Est-ce que vous avez déjà une feuille de route ?
Le président de la République, le général Brice Oligui Nguema, m’a remis une feuille de route. Je n’ai pas encore eu le temps de la lire. Ce que je souhaite, c’est que le plus de monde soit mis à contribution pour que le processus soit inclusif, que nous nous mettions d’accord une fois pour toute, l’ensemble des Gabonais, quel que soit le bord auquel nous appartenons, pour nous mettre d’accord sur des textes qui soient justes, équitables et qu’il y ait des élections que personne ne contexte et dont la représentativité est évidente. Voilà ce que je souhaite, j’espère que tout le monde sera mis à contribution. Je ferai de mon mieux pour associer tout le monde, pour que nous fassions une bonne toilette de l’ensemble des textes qui sont sur la table. Il faut qu’au sortir de la Transition, le pays soit remis sur une trajectoire qui est satisfaisante pour tous, parce que à l’heure actuelle, nous jouons en dessous de notre capacité. Il faut qu’on se mette sur notre réelle capacité. Nous avons des ressources, des atouts, mais la façon de combiner, la façon de gérer, la gouvernance que nous avons faite n’est pas favorable, ne permet pas d’avoir la meilleure et la plus grande équipe. Donc, nous devons régler ce problème et de mon point de vue, tous ces problèmes sont liés au cadre juridique, à l’ensemble du contexte dans lequel nous vivons.
Cela veut dire que vous allez proposer des réformes en profondeur ?
Cela veut dire que nous allons travailler avec l’ensemble des acteurs, c’est-à-dire l’ensemble des partis politiques, avec la société civile, bien sûr sous la supervision du comité transitoire militaire, nous allons travailler sur l’ensemble des textes pour que nous ayons une Constitution comme le président l’a dit le jour de sa prestation de serment, et des textes d’application, des textes réglementaires qui soient le plus objectif possible. C’est cela.
Un gouvernement d’union nationale, c’est votre souhait qui intégrerait notamment vos anciens collègues d’Alternance 2023 et peut-être aussi des membres du Parti démocratique gabonais (PDG) ?
Pour l’instant, ce que les militaires nous ont dit, c’est qu’il n’y a ni majorité ni opposition. Donc, je ferai une proposition avec un gouvernement qui intègre tout le monde. À charge pour le président et le comité transitoire de choisir si ça leur convient.

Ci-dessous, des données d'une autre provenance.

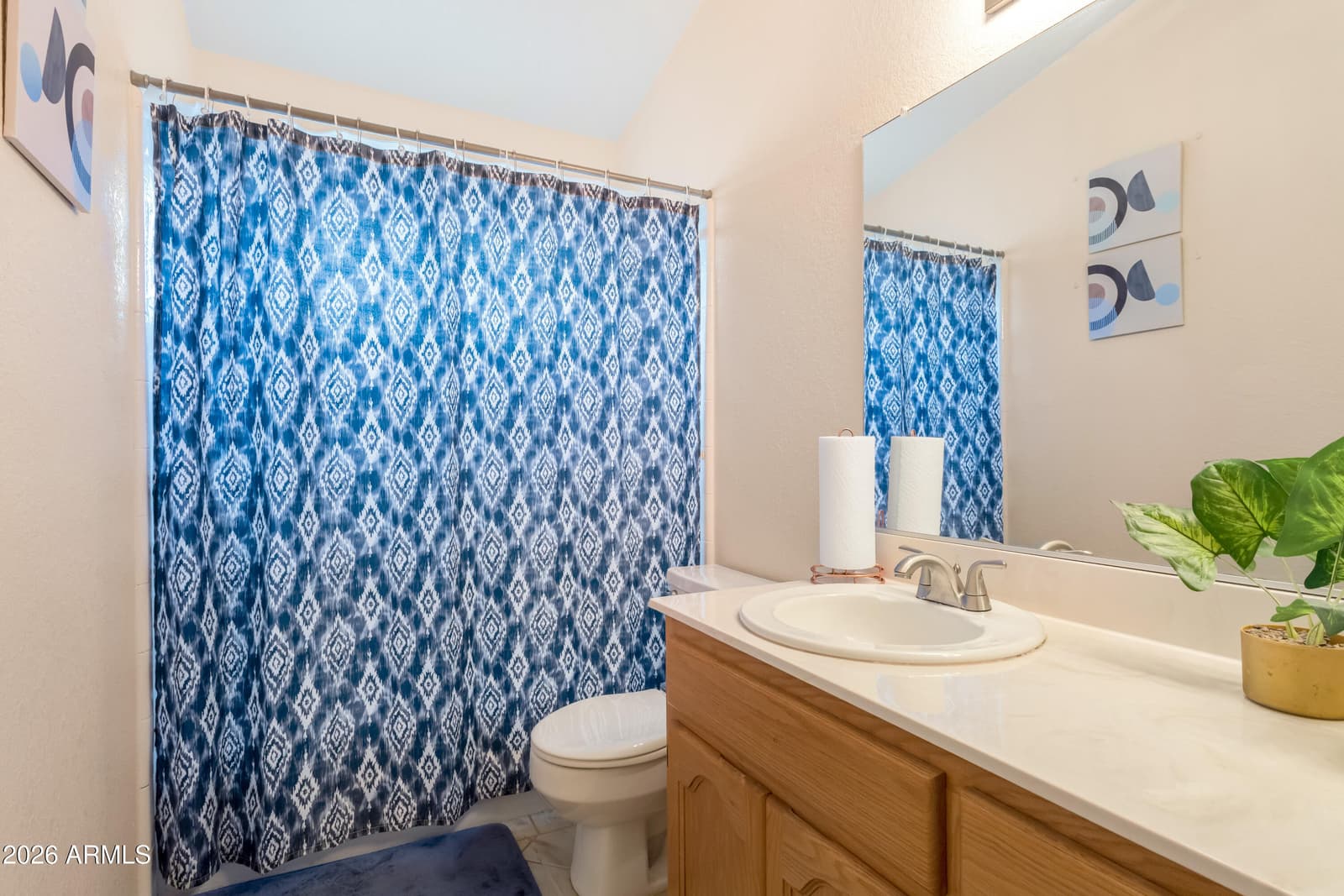 3033 Player Avenue, Sierra Vista, AZ 85650 — photo 33 of 41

Que faut-il pour que cette transition ne déraille pas ?
Dès lors qu’on a annoncé le principe de l’association de tous, le principe d’une démarche inclusive. Je crois que chacun doit mettre un peu d’eau dans son vin, de telle sorte que nous parvenions à des compromis qui soient raisonnables et solides.

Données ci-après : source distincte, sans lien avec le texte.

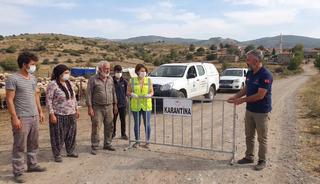 İzmir'de mavi dil hastalığı alarmı: 15 mahalle karantinaya alındı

Comment appréhendez-vous le travail avec les militaires ?
Dans ma carrière, j’ai fait plusieurs opérations de restructuration d’entreprise. J’ai fait la restructuration de la CFG, la Compagnie forestière du Gabon, en 1991 à Port-Gentil. J’ai fait la première mise en concession du chemin de fer en 1999-2000, etc. Je suis habitué à des situations un peu difficiles du point de vue de la restructuration. Mais je crois que les militaires ont un avantage. Ce sont des gens structurés et pour lesquels les ordres se transmettent d’une façon qui est assez précise. Donc, je m’attends à ce que les militaires déterminent clairement ce qu’ils attendent de moi, et moi que j’exécute clairement ce que je dois faire. Et je m’attends aussi en contrepartie à ce qu’ils me dégagent des marges de manœuvre claires qui correspondent à l’objectif qu’ils se sont fixés et que tous nous partageons.

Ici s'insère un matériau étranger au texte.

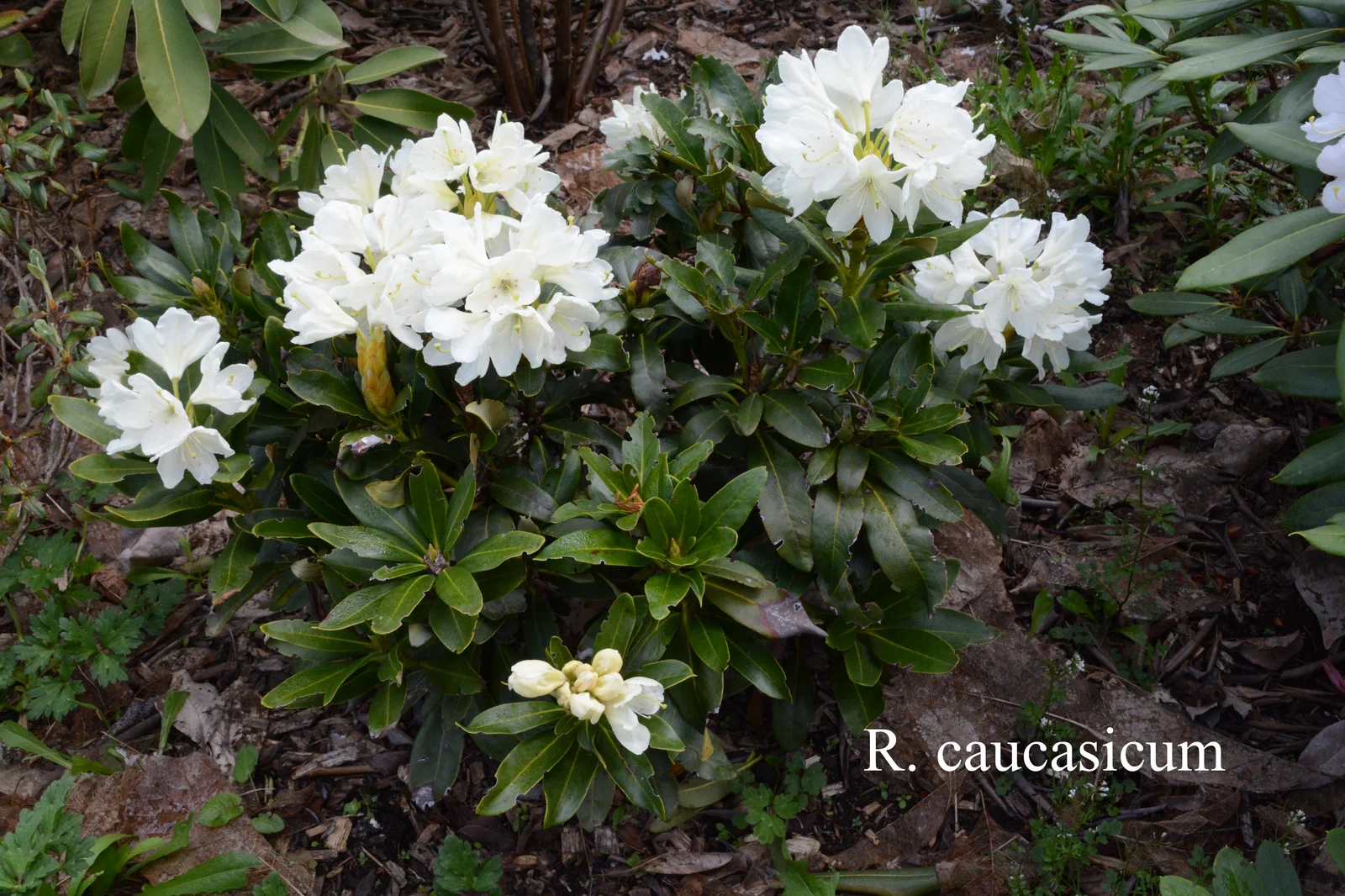 R. caucasicum photo of R. caucasicum. Location: Fearing's Farm Nursery, Abbotsford, BC, Canada. Photo by: Harold Fearing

Oui, parce que j’imagine que vous n’accepterez pas de travailler n’importe comment, qu’il y aura quand même des conditions dans votre travail pour que vous puissiez remplir votre mission ?
Je pars du principe que si les militaires ont accepté d’enfreindre une règle importante chez eux, c’est qu’ils ont le souci de réussir. Parce que, s’ils échouent, ils auront fait tout cela pour rien, et ça entachera sérieusement leur carrière et la suite. Donc, je pars du principe que les militaires auront envie de réussir.